So, what does a “Shiny Coat” mean?
Your dog food probably says it is “complete nutrition” or “the best food”, but is it? Most commercially available dog foods are loaded with filler, especially those sold in grocery stores. Fillers are things like by-products, soy, and corn. Lower quality foods also use a little trick to make you think the pet is eating good food. They use fat to give the pet a shiny because most owners think a shiny coat means a healthy pet, which means the food was good, but that shiny coat could be hiding inner problems. Many of these foods actually use cheap ingredients, and lower quality preservatives, some of which have been linked to causing cancer.

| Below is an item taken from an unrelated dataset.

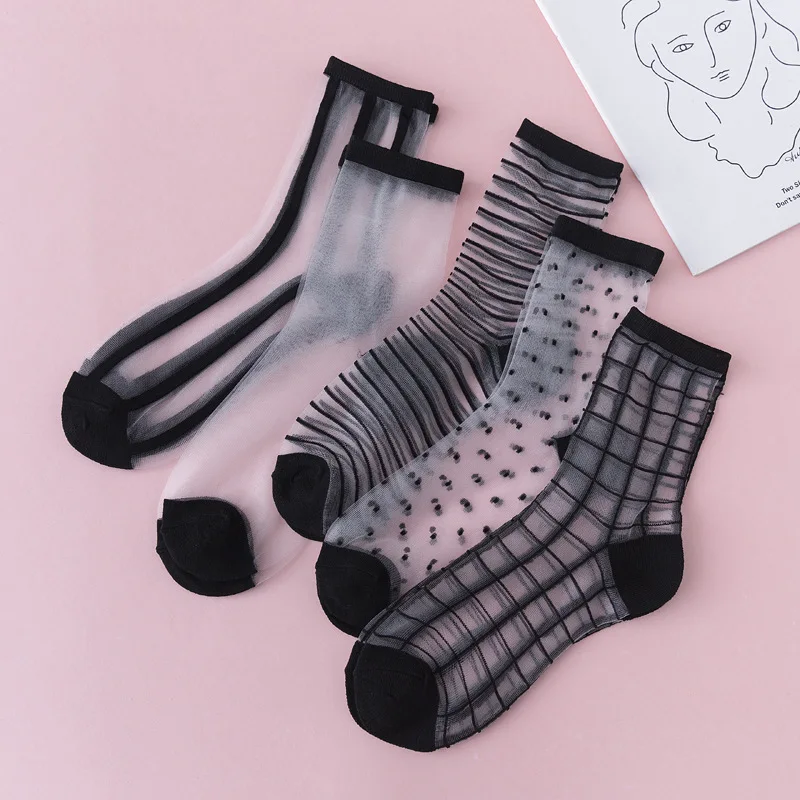 Women's Lace Socks Summer Transparent Thin Non-slip Ankle Socks 5 Pairs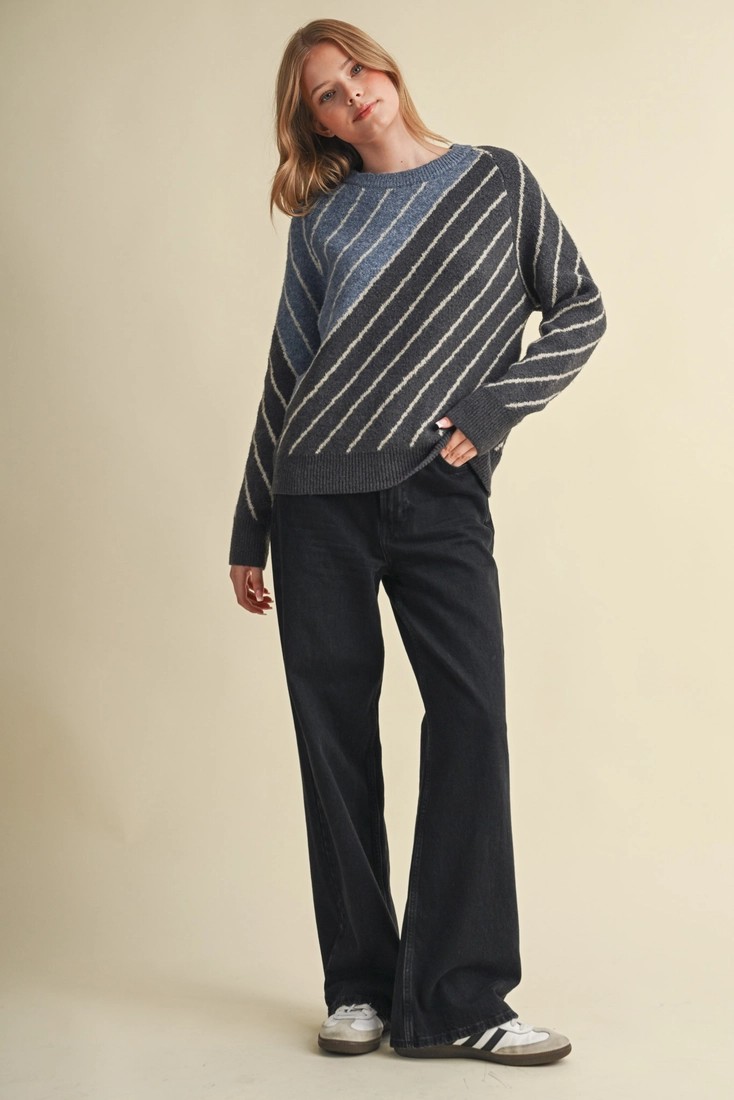 Heidi Diagonal Striped Color Block Sweater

This is a Yorkshire Terrier, photo from Wikimedia.
Mom and Dad
If you bought your dog from a reputable breeder chances are it will have fewer genetic health problems. Reputable breeders are those who take their dogs to shows to prove the worth of them as breeding dogs, they also have veterinarian checks done on things like hips and eyes before breeding. If they find out they are producing dogs with health problems they stop breeding that certain line of dogs. If you bought your dog from a pet store or back yard breeder, none of these safety guide lines are followed. To make money you have to cut expenses. Cross bred dogs have a thing called “hybrid vigor” often making them healthier against genetic disorders.
So Small and Cute!
Small dogs are cute, but tiny dogs are not always as healthy as you might think. Many unscrupulous breeders stunt their dogs though poor genetics or poor nutrition. Many of these dogs marketed as “teacup” dogs have shorter lives and more health problems. Cute does not mean healthy!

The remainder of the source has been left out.